The revenue package the House Ways and Means Committee released September 13 is a major step toward enacting economic recovery legislation based on President Biden’s “Build Back Better” agenda. After two decades dominated by regressive tax cuts that weakened both revenues and investment in the building blocks of shared prosperity, the legislation would raise more than $2 trillion in revenue — secured through progressive measures — over the decade to fund investments to reduce child poverty, expand health coverage, address climate change, and increase economic opportunity and security for families across the country.

Combined with the bill’s health savings, these revenue raisers would offset most of the bill’s $3.5 trillion in investments. The House recovery package’s net cost, a far more appropriate way to evaluate its fiscal and economic impact than the oft-cited $3.5 trillion gross cost, would be a small fraction of the gross cost and quite small relative to the size of the economy, which the Congressional Budget Office (CBO) projects to be $288 trillion over the next decade.[1]

Like the Biden plan, the Ways and Means package would raise substantial revenue in three major ways: from high-income and wealthy individuals, from profitable corporations, and from better enforcement of the nation’s tax laws to close the gap between the taxes owed and taxes paid — a gap that is disproportionately due to high-income filers’ and profitable companies’ failure to comply with the law. These revenue raisers would make the tax code more equitable and adequate without undermining economic growth. Indeed, the investments funded by these revenues will strengthen the economy and broaden opportunity over the long run.
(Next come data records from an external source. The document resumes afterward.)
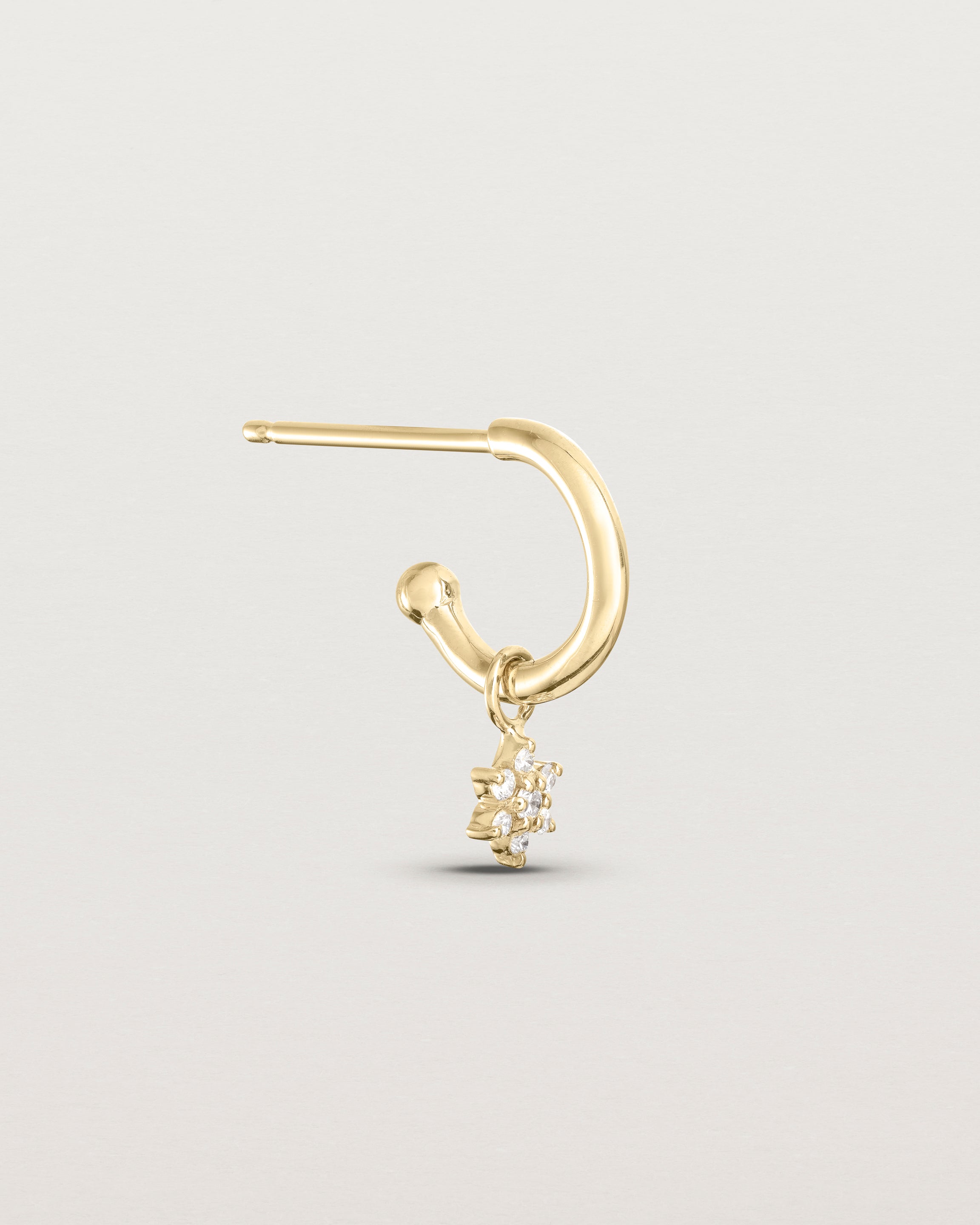 Side image of the pair of Starburst Petit Diamond Hoops on in yellow gold.
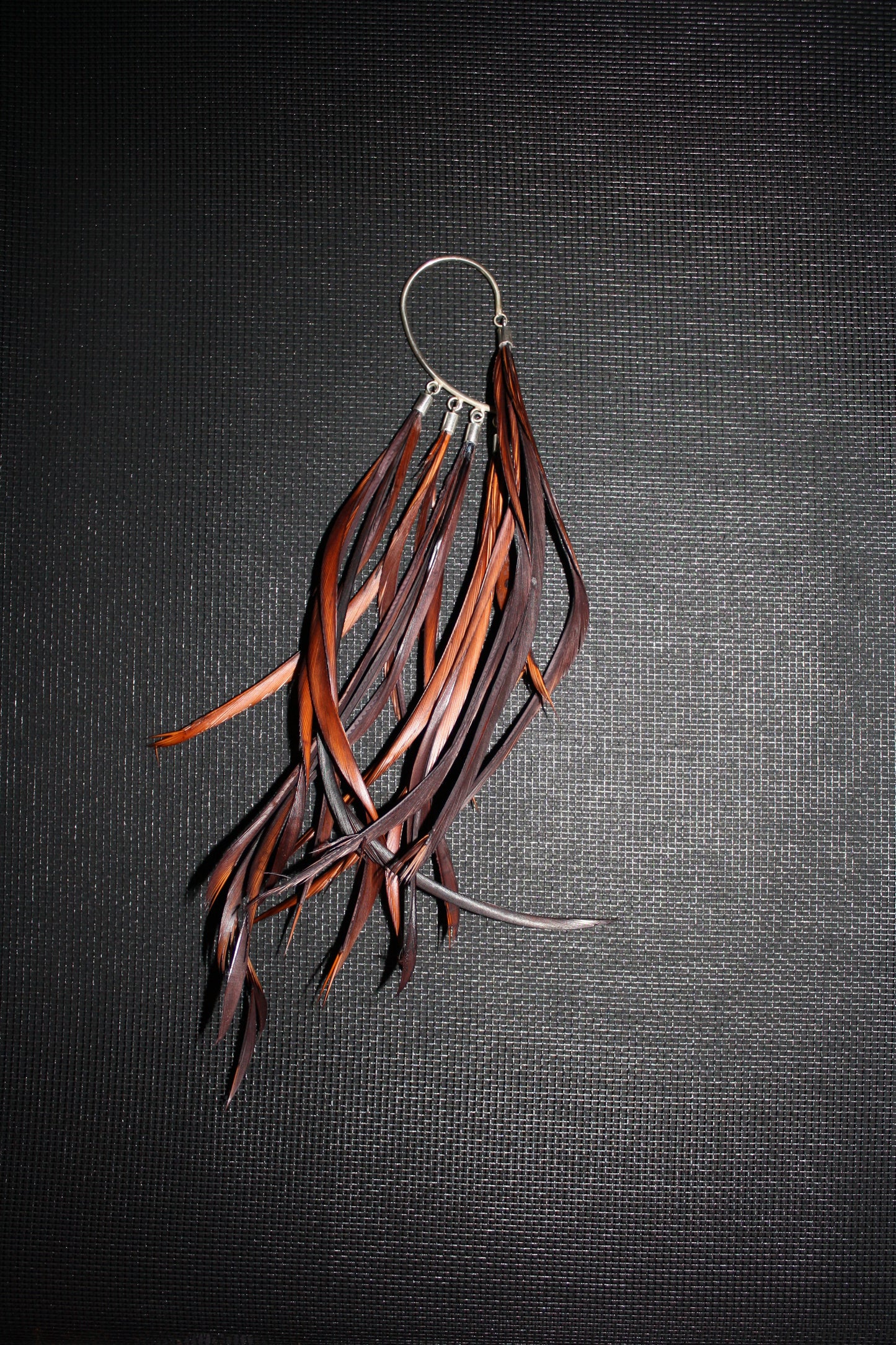 SIlver earhook with feathers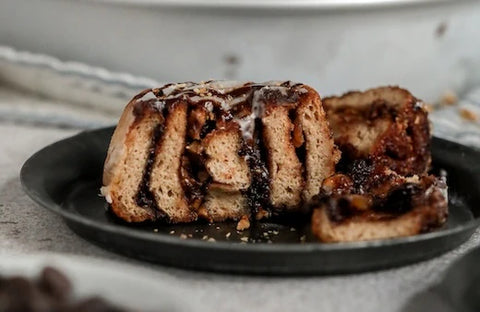 Cinnamon bun cut in half resting on a black plate resting on a grey speckled countertop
While the package is robust, it does omit some key proposals that the President, Senate Democrats, or other policymakers have called for that would strengthen the package and raise additional revenues. In particular, the package should include President Biden’s proposal to require financial institutions to provide certain information that will help the IRS identify households that are underreporting their income and cheating on their taxes. This will both raise revenues and make our tax system fairer.

The package could also do more to ensure that high-income people can’t shield their income from taxation as well as reduce incentives for multinational corporations to shift profits to overseas tax havens.

As the debate proceeds, policymakers should make the package stronger and resist pressure from critics to scale back the ambitions of the revenue policies. Even without these improvements, the House made good on its promise to offset most or all of the cost of the investments with sound revenue raisers and health savings. This should end vague debates about the “size” of the package and focus discussion on the specific policies included in this groundbreaking legislation.

The investments and revenue raisers in the House Build Back Better package are historic and would promote racial equity.Taken together, the investments and revenue raisers in the House Build Back Better package are historic and would promote racial equity. They would result in large advances in reducing child poverty, expanding health coverage, improving housing, and expanding educational opportunity while closing gaping racial and ethnic disparities in each of these areas. And these advances would be financed by measures that raise revenues on the most well-off in our country — who disproportionately are white people — who have benefitted greatly from public investments in areas including research, technology, infrastructure, and education.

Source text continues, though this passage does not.